## Information provided
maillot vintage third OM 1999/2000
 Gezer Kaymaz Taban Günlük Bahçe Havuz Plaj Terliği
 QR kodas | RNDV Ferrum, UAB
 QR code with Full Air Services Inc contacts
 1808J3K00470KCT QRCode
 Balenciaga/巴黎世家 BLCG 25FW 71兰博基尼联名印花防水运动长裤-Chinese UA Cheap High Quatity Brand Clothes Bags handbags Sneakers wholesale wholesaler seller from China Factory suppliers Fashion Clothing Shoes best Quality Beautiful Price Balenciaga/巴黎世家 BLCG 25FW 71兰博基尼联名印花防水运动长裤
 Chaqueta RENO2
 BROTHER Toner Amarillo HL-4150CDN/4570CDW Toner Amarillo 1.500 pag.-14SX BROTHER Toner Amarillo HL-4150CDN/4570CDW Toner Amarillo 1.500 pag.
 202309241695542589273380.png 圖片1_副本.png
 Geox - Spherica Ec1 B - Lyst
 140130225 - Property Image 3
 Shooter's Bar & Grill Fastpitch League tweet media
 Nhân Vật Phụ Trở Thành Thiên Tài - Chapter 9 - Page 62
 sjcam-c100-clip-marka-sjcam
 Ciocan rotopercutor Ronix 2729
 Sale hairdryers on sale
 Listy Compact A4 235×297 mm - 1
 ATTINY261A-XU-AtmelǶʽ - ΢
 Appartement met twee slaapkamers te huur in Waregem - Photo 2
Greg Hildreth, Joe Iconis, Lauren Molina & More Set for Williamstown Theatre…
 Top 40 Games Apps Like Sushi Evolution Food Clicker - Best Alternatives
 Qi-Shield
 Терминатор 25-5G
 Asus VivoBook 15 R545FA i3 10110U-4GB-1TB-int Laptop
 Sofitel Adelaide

## Task details
Starting with the first record, copy everything through the final one exactly.

## Result for this exercise
maillot vintage third OM 1999/2000
 Gezer Kaymaz Taban Günlük Bahçe Havuz Plaj Terliği
 QR kodas | RNDV Ferrum, UAB
 QR code with Full Air Services Inc contacts
 1808J3K00470KCT QRCode
 Balenciaga/巴黎世家 BLCG 25FW 71兰博基尼联名印花防水运动长裤-Chinese UA Cheap High Quatity Brand Clothes Bags handbags Sneakers wholesale wholesaler seller from China Factory suppliers Fashion Clothing Shoes best Quality Beautiful Price Balenciaga/巴黎世家 BLCG 25FW 71兰博基尼联名印花防水运动长裤
 Chaqueta RENO2
 BROTHER Toner Amarillo HL-4150CDN/4570CDW Toner Amarillo 1.500 pag.-14SX BROTHER Toner Amarillo HL-4150CDN/4570CDW Toner Amarillo 1.500 pag.
 202309241695542589273380.png 圖片1_副本.png
 Geox - Spherica Ec1 B - Lyst
 140130225 - Property Image 3
 Shooter's Bar & Grill Fastpitch League tweet media
 Nhân Vật Phụ Trở Thành Thiên Tài - Chapter 9 - Page 62
 sjcam-c100-clip-marka-sjcam
 Ciocan rotopercutor Ronix 2729
 Sale hairdryers on sale
 Listy Compact A4 235×297 mm - 1
 ATTINY261A-XU-AtmelǶʽ - ΢
 Appartement met twee slaapkamers te huur in Waregem - Photo 2
Greg Hildreth, Joe Iconis, Lauren Molina & More Set for Williamstown Theatre…
 Top 40 Games Apps Like Sushi Evolution Food Clicker - Best Alternatives
 Qi-Shield
 Терминатор 25-5G
 Asus VivoBook 15 R545FA i3 10110U-4GB-1TB-int Laptop
 Sofitel Adelaide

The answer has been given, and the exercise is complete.